→ **Try it**:
Repeat the data exactly as it stands.

→ **Dataset excerpt**:
::::
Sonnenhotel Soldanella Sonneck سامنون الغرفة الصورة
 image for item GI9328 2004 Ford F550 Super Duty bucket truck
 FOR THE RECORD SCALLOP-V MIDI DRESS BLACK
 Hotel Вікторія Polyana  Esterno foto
::::
→ **Exercise output**:
Sonnenhotel Soldanella Sonneck سامنون الغرفة الصورة
 image for item GI9328 2004 Ford F550 Super Duty bucket truck
 FOR THE RECORD SCALLOP-V MIDI DRESS BLACK
 Hotel Вікторія Polyana  Esterno foto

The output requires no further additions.